When you reach a picture, pass over it; otherwise repeat the listing word for word.
════════════════
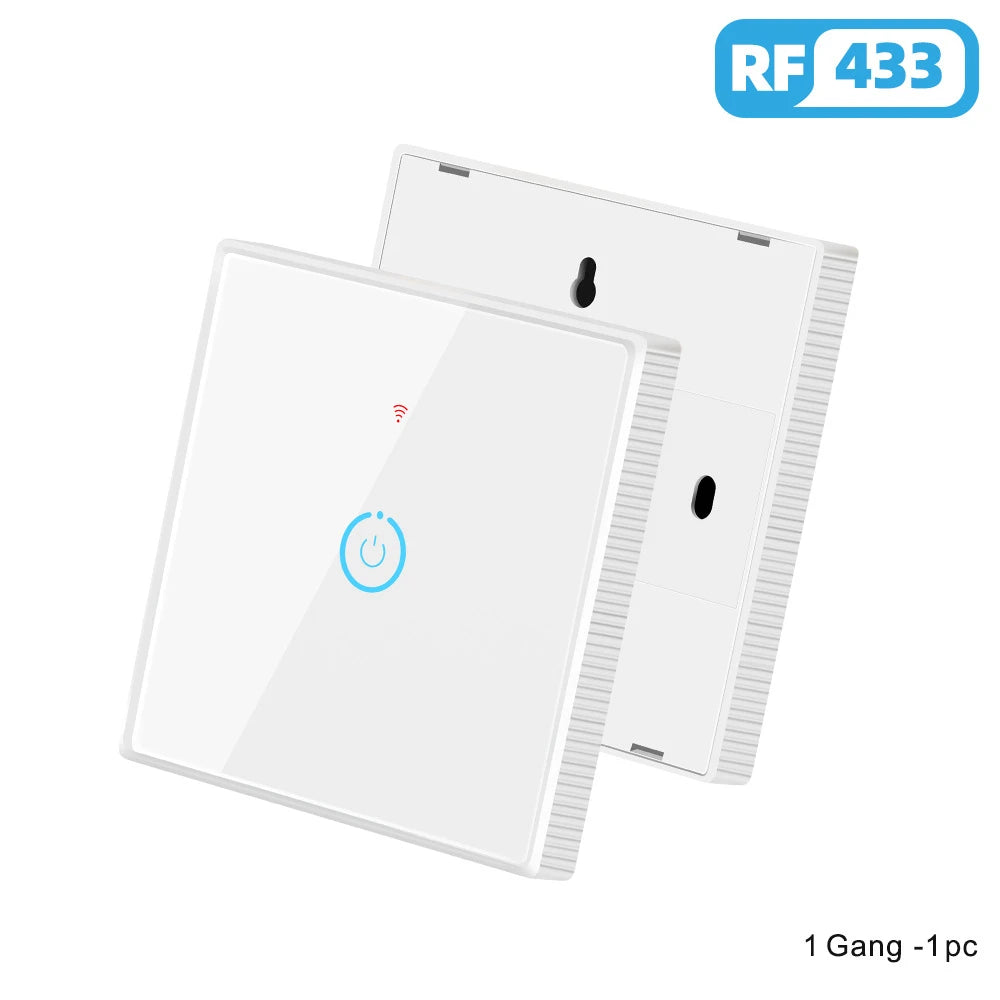 Wireless Radio Frequency RF 433Mhz Switch 1/2/3 Gang Smart Touch Switch Remote Control Tempered Glass Panel Wireless Wall
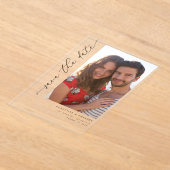 H MOD 2 Eenvoudige foto De datum opslaan Acryl Uitnodigingen (Laagn)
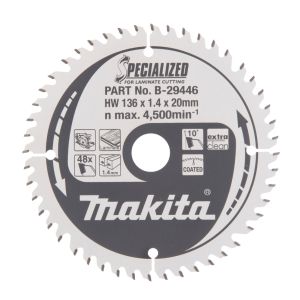 Makita pyörösahanterä 136mm 48-hampainen 20mm reikä laminaatille B-33825/B-29446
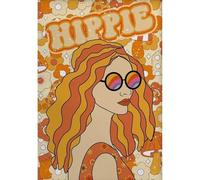 Retro 70s Hippie Woman Poster Colorful And Chic Flowers Girl Canvas Painting Wall Art For Living Room Home Decor Mural 60x90cm No Frame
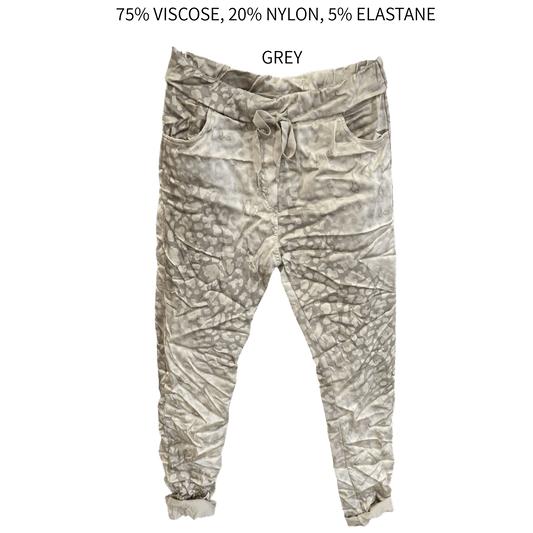 SIENNA SATIN VISCOSE STRETCH ANIMAL PANTS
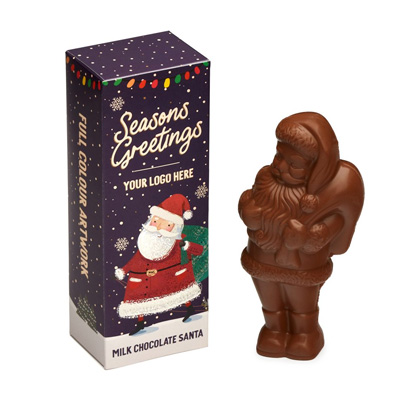 Eco Flip Top Box With Milk Chocolate Santa
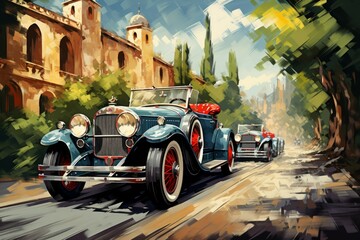 Canvas Print - Vintage cars - Generative AI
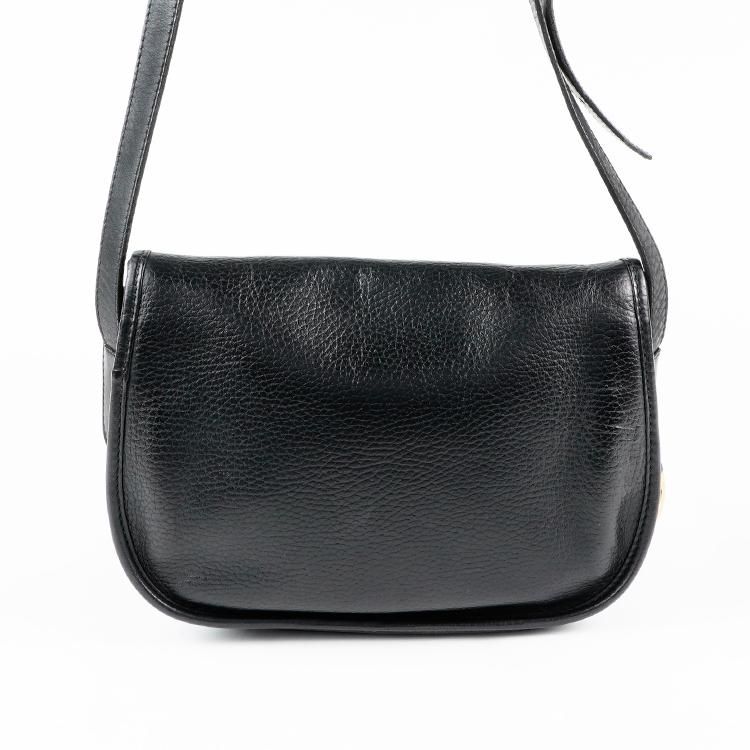 【美品】LOEWE アナグラム刻印フラップショルダーバッグ アナグラム刻印ショルダーバッグ ブラック ヴィンテージ|ロエベ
════════════════
TASK ANSWER
 Wireless Radio Frequency RF 433Mhz Switch 1/2/3 Gang Smart Touch Switch Remote Control Tempered Glass Panel Wireless Wall
 H MOD 2 Eenvoudige foto De datum opslaan Acryl Uitnodigingen (Laagn)
 Makita pyörösahanterä 136mm 48-hampainen 20mm reikä laminaatille B-33825/B-29446
 Retro 70s Hippie Woman Poster Colorful And Chic Flowers Girl Canvas Painting Wall Art For Living Room Home Decor Mural 60x90cm No Frame
 SIENNA SATIN VISCOSE STRETCH ANIMAL PANTS
 Eco Flip Top Box With Milk Chocolate Santa
 Canvas Print - Vintage cars - Generative AI
 【美品】LOEWE アナグラム刻印フラップショルダーバッグ アナグラム刻印ショルダーバッグ ブラック ヴィンテージ|ロエベ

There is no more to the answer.